* Source data *

*-*-*

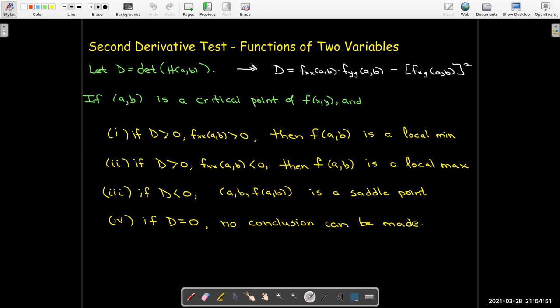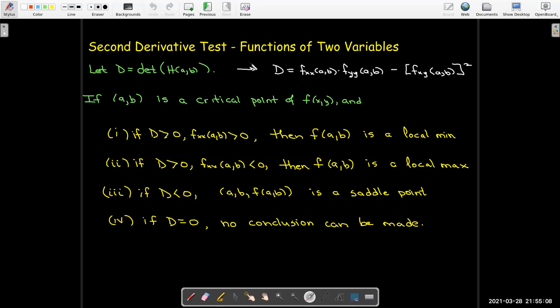I'm going to do some examples in a separate video. I just wanted to present the second derivative test for functions of two variables, show where it comes from, and how it compares to the second derivative test from Calculus 1.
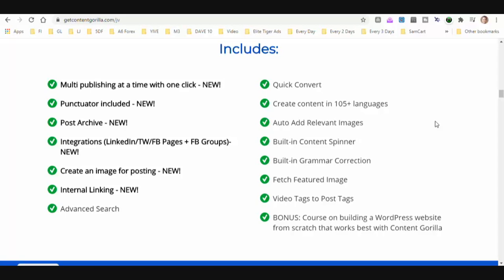You're going to get a post archive. You're going to be able to integrate with LinkedIn, Twitter, Facebook pages, and Facebook groups to immediately syndicate your content and new blog posts. You're going to be able to create an image for posting, internal linking, advanced search, quick convert, and create content in 105-plus different languages.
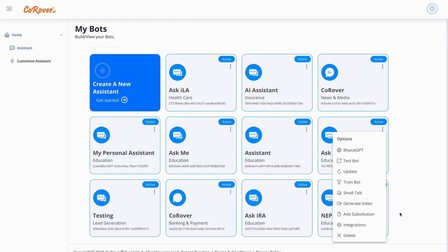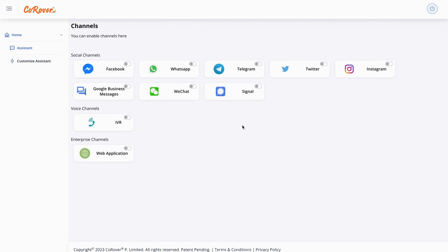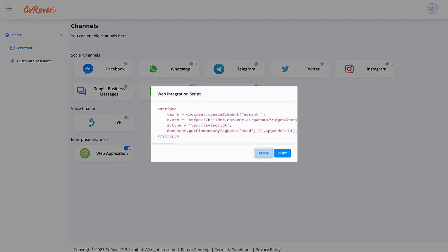We can also add conversational flows to API integration and integrate with any channels like WhatsApp, Facebook, Instagram, Twitter, app, and website. Just add this code to your website and the multilingual and multimodal chatbot will be integrated in a few seconds.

*-*-*

* Required action *
Leave out the images and repeat the rest of the data word for word.

* Answer box *
I'm going to do some examples in a separate video. I just wanted to present the second derivative test for functions of two variables, show where it comes from, and how it compares to the second derivative test from Calculus 1.
You're going to get a post archive. You're going to be able to integrate with LinkedIn, Twitter, Facebook pages, and Facebook groups to immediately syndicate your content and new blog posts. You're going to be able to create an image for posting, internal linking, advanced search, quick convert, and create content in 105-plus different languages.
We can also add conversational flows to API integration and integrate with any channels like WhatsApp, Facebook, Instagram, Twitter, app, and website. Just add this code to your website and the multilingual and multimodal chatbot will be integrated in a few seconds.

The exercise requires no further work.